(Stored entries)

#####

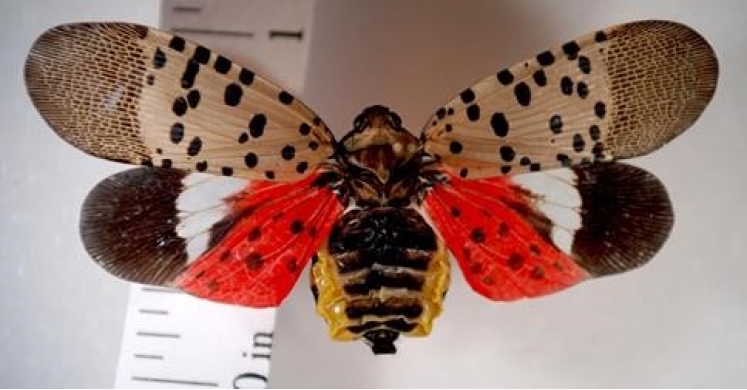 #bioPGH Special Update: Spotted Lanternfly - A New Invasive Pest Threat in Pittsburgh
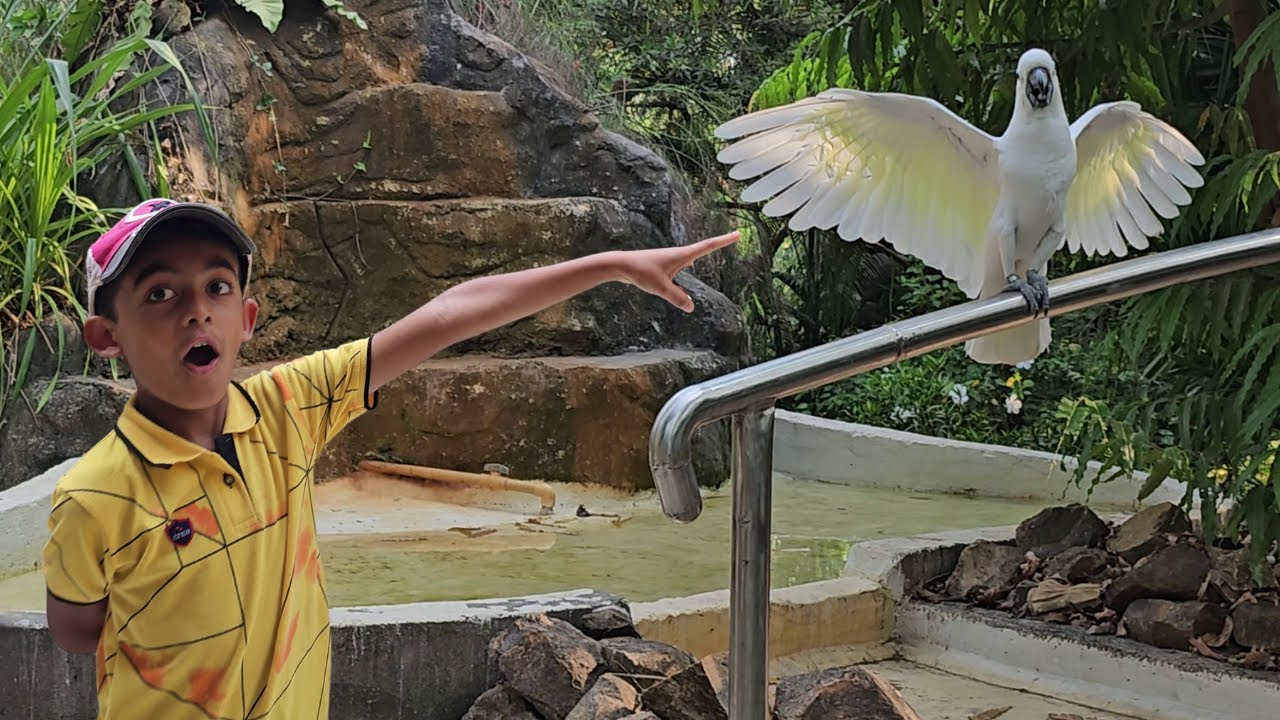 I visited Mumbai's LARGEST BIRD PARK... so you DONT have to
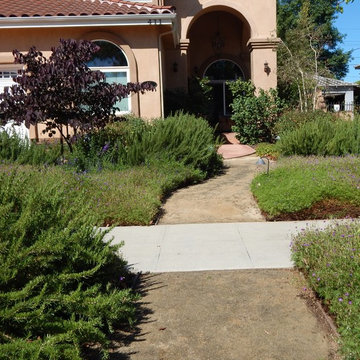 Lush Drought Tolerant Garden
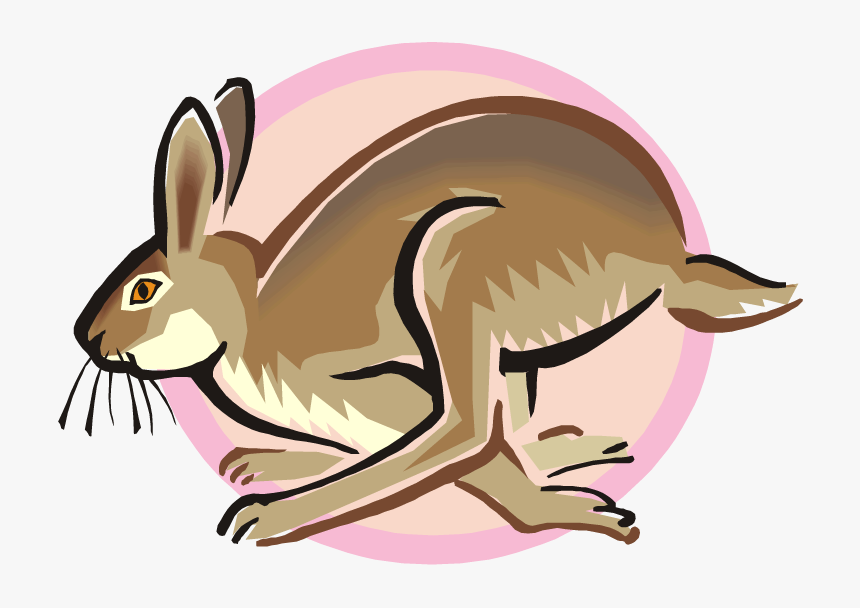 Hase Clipart, HD Png Download, Free Download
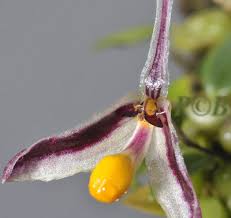 Image result for Bulbophyllum sandersonii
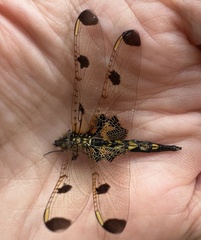 Celithemis elisa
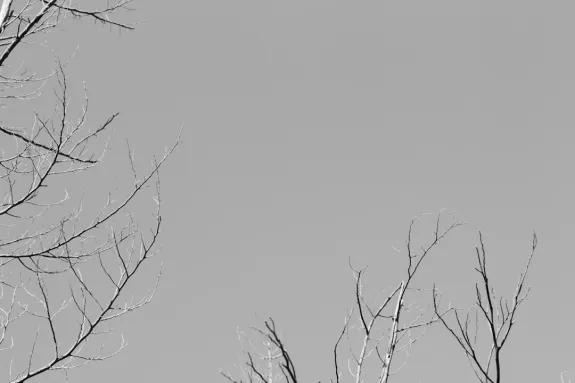 XCasino Casino Ënnerstëtzung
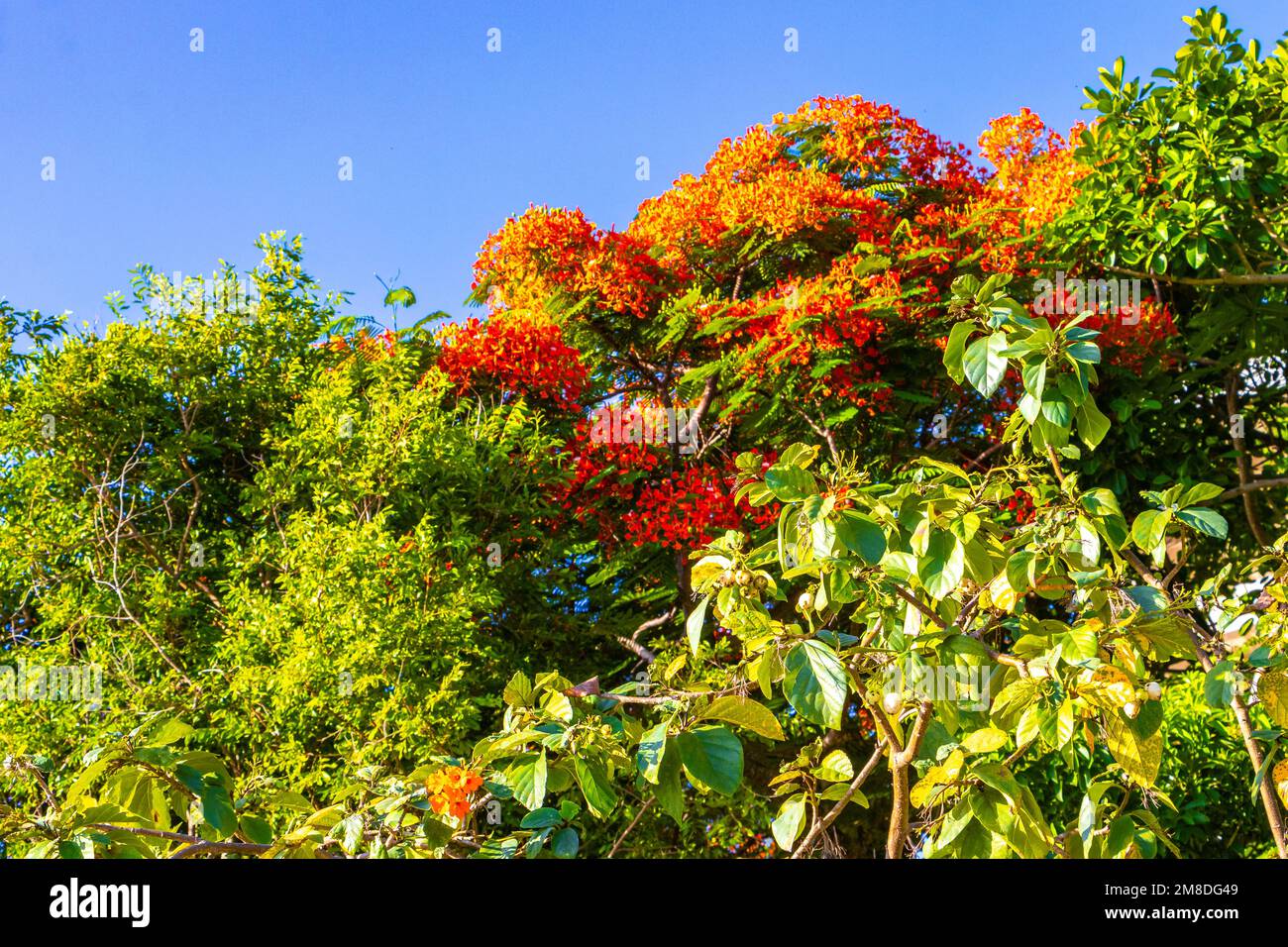 Flamboyant or Delonix Regia red flowers closeup. Beautiful tropical ...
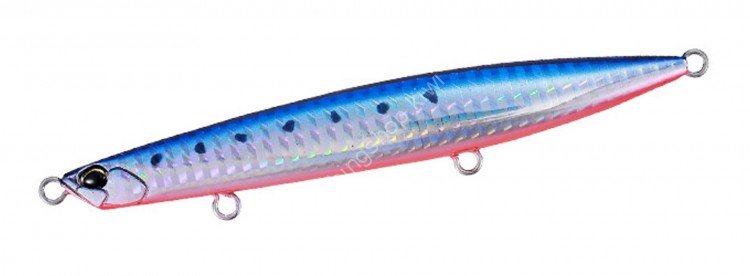 DUO Beach Walker Wedge 120S CHA0087 Mazume Sardine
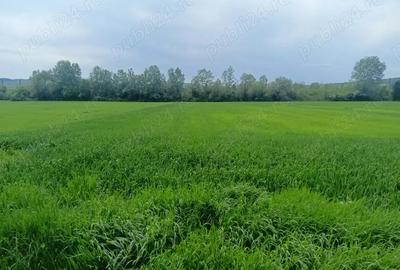 Teren de 12850 mp, în Central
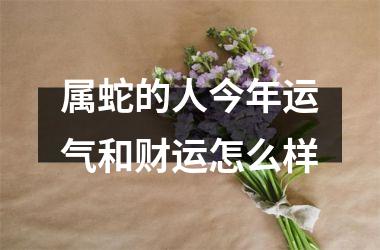 属蛇的人今年运气和财运怎么样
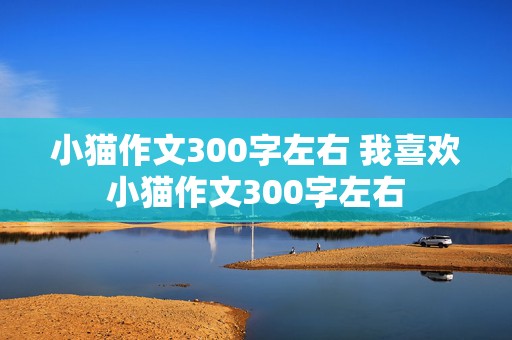 小猫作文300字左右 我喜欢小猫作文300字左右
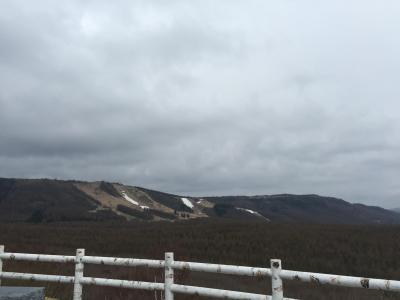 夕暮れ時の美しさ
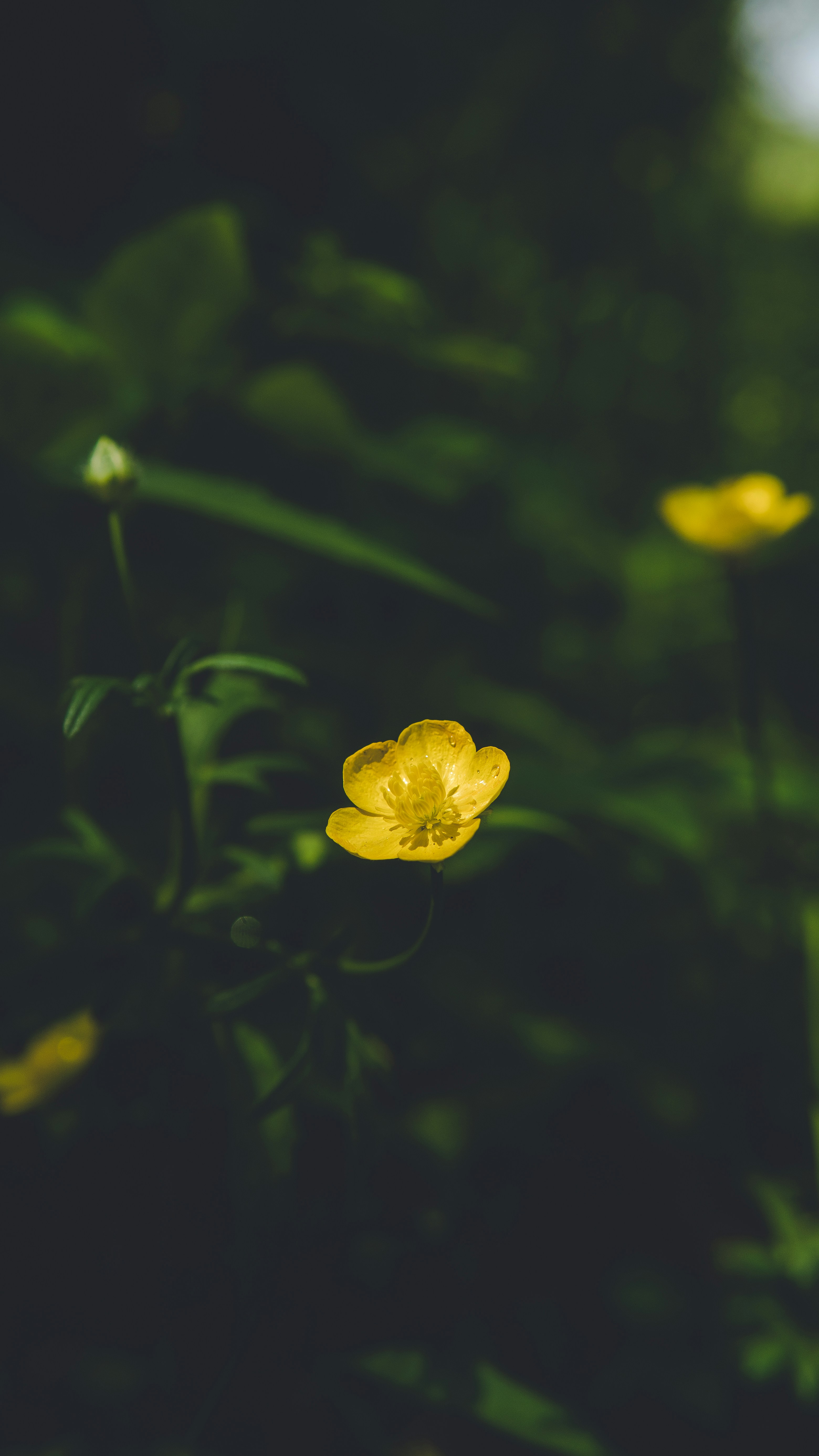 Photo by mannythegrapher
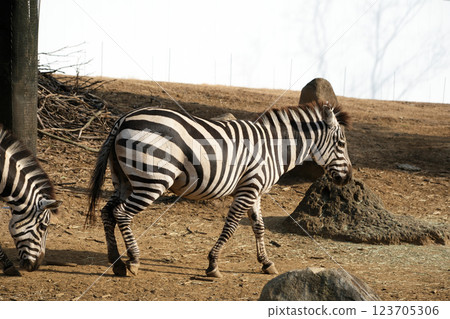 景觀與斑馬 景觀與斑馬 123705306
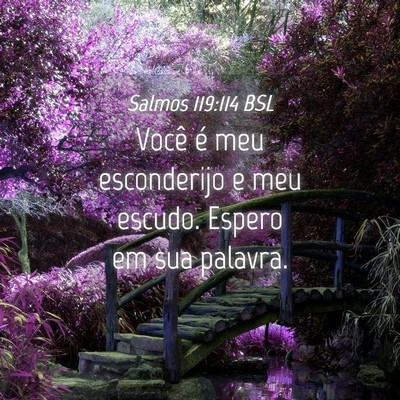 Picture 04 - Salmos 119:114 BSL - Você é meu esconderijo e meu escudo. Espero em - Bible Verse Picture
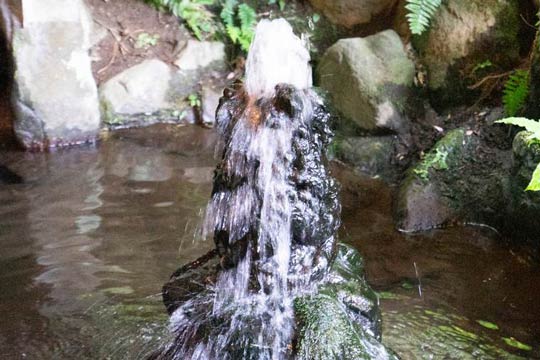 塔ノ沢 深沢銭洗弁天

#####

Repeat the lines exactly, starting with the line that contains "属蛇的人今年运气和财运怎么样" and ending with the last line of the entries. Keep both of those lines but no pictures.

 属蛇的人今年运气和财运怎么样
 小猫作文300字左右 我喜欢小猫作文300字左右
 夕暮れ時の美しさ
 Photo by mannythegrapher
 景觀與斑馬 景觀與斑馬 123705306
 Picture 04 - Salmos 119:114 BSL - Você é meu esconderijo e meu escudo. Espero em - Bible Verse Picture
 塔ノ沢 深沢銭洗弁天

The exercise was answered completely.